I’ve also been intrigued by what appear to be credible reports about visual experiences that some congenitally-blind people have had when they were near death. Experiences of this sort were first summarized in a 1997 paper by Kenneth Ring and Sharon Cooper, later expanded into a book called Mindsight (1999). The paper and book describe the experiences of 14 people who were blind from birth and who had near-death experiences (NDEs), some of which included content that appeared to be visual in nature. Soon after Vicki U. was in a near-fatal car accident at age 22, she remembered "seeing" a male physician and a woman from above in the emergency room, and she "saw" them working on a body. Said Vicki:
I knew it was me.... I was quite tall and thin at that point. And I recognized at first that it was a body, but I didn't even know that it was mine initially. Then I perceived that I was up on the ceiling, and I thought, "Well, that's kind of weird. What am I doing up here?" I thought, "Well, this must be me. Am I dead?"

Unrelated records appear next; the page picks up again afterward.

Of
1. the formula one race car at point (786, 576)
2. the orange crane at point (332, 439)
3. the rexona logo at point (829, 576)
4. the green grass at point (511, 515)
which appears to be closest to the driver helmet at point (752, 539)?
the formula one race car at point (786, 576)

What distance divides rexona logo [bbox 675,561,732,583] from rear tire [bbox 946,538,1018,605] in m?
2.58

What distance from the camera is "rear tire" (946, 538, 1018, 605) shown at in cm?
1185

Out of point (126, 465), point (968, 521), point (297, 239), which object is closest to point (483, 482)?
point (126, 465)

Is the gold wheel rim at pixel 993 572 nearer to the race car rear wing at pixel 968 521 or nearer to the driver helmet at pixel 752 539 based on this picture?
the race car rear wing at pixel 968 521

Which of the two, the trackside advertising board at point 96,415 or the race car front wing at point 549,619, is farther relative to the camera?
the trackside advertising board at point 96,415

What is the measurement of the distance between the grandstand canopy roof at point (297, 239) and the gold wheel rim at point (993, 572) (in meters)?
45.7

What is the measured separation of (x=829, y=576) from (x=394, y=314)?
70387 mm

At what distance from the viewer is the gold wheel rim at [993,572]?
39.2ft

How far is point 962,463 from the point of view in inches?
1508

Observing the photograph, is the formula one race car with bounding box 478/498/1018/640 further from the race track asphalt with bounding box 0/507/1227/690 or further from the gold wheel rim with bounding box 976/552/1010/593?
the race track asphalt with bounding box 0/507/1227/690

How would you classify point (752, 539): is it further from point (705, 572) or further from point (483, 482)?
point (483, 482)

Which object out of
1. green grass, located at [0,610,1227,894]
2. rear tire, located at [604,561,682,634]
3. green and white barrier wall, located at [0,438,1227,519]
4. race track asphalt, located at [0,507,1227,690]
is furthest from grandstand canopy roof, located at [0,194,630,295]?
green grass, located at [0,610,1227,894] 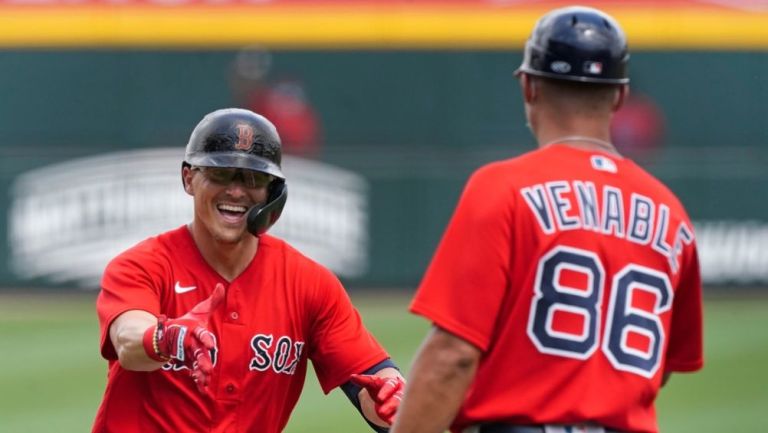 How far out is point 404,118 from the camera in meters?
19.1

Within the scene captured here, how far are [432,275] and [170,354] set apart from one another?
919 millimetres

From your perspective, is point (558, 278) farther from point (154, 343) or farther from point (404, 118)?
point (404, 118)

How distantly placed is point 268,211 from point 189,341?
71 cm

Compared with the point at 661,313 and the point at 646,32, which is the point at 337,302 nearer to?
the point at 661,313

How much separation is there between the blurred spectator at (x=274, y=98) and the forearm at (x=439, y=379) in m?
14.3

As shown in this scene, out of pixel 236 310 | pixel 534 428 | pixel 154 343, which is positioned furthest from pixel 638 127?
pixel 534 428

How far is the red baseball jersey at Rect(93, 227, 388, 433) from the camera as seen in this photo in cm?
475

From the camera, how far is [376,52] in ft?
63.1

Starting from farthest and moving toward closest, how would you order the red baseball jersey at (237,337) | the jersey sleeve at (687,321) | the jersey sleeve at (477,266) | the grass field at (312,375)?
the grass field at (312,375) → the red baseball jersey at (237,337) → the jersey sleeve at (687,321) → the jersey sleeve at (477,266)

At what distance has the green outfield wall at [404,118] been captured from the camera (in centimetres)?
1755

Vicki had never had a visual experience before her NDE, and, according to the researchers, did not even "understand the nature of light." While near death, she also claimed to have been flooded with information about math and science. Said Vicki:

I all of a sudden understood intuitively almost [all] things about calculus, and about the way planets were made. And I don't know anything about that.... I felt there was nothing I didn't know.


I know this sounds all woo woo magicky but a lot of what the author says rings true in my own life and those around me. I've made decisions that worked out spectacularly well when my prior experience or knowledge was not sufficient to justify my confidence. My mother died due to hemorrhage after giving birth to my oldest brother and was brought back by a medical team. She describes feeling God before she came back and at the time did not want to come back. There is nothing in the "brain is a meat computer" that explains these observations or those of Vicky's or the return of memories and capabilities in Alzheimer's patients with so much damage to their brains they can't maintain their own bodies any more. This is not proof, but it does contradict the idea that we can build a computer equal to humans in thought power that operates in 3D space when our minds may be communicating in 4D or some other way.